* Activity
With the line that contains "HDMI Splitter 1 to 2 (4K@30Hz)" as the final line, return every line from the start of the data below exactly.

[Brief descriptive captions]
- - - - - - -

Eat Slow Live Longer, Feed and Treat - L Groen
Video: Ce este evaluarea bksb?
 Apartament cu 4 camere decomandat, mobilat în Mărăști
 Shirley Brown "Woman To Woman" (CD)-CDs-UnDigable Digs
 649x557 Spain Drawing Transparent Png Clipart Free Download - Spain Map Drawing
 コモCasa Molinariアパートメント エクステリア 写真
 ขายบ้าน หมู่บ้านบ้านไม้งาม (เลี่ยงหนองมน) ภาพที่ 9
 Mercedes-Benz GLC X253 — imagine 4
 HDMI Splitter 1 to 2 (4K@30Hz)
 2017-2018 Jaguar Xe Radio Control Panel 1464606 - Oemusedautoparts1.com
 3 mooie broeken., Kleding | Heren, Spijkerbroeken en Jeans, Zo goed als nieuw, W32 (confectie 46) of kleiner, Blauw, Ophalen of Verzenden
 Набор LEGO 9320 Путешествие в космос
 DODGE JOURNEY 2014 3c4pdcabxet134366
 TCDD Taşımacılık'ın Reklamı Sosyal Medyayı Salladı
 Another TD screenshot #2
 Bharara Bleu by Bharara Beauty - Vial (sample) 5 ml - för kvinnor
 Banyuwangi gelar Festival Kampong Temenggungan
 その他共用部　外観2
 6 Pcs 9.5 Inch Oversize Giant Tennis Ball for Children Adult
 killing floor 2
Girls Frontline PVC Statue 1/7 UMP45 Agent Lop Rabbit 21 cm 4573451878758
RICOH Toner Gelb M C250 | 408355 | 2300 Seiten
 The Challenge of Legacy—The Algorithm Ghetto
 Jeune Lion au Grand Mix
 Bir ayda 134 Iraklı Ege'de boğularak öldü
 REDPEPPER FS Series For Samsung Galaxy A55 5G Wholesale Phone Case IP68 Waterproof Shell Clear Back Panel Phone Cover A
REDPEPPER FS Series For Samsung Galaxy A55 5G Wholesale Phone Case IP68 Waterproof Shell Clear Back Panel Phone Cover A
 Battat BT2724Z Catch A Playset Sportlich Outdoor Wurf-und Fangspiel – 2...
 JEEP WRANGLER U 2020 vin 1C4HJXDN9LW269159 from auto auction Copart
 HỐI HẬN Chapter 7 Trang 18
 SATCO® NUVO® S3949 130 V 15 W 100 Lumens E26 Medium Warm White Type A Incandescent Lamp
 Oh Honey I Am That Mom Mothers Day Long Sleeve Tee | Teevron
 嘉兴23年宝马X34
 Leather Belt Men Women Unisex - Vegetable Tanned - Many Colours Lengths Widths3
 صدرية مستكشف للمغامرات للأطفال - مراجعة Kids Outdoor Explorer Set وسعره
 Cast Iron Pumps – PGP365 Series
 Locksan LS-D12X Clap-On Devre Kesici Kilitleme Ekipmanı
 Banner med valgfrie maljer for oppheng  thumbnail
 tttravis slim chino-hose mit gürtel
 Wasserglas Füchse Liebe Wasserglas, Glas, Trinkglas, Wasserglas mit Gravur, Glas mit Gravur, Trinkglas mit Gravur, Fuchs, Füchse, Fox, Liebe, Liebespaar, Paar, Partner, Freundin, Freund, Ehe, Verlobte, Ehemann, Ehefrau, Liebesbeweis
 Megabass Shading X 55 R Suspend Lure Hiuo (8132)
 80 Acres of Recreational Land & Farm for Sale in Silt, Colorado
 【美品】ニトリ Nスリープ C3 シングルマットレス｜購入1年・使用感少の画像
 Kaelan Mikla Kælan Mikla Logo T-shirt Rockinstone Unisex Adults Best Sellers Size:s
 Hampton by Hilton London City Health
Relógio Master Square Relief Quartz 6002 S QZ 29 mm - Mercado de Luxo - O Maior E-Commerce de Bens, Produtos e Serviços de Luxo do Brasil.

- - - - - - -

* Worked solution
Eat Slow Live Longer, Feed and Treat - L Groen
Video: Ce este evaluarea bksb?
 Apartament cu 4 camere decomandat, mobilat în Mărăști
 Shirley Brown "Woman To Woman" (CD)-CDs-UnDigable Digs
 649x557 Spain Drawing Transparent Png Clipart Free Download - Spain Map Drawing
 コモCasa Molinariアパートメント エクステリア 写真
 ขายบ้าน หมู่บ้านบ้านไม้งาม (เลี่ยงหนองมน) ภาพที่ 9
 Mercedes-Benz GLC X253 — imagine 4
 HDMI Splitter 1 to 2 (4K@30Hz)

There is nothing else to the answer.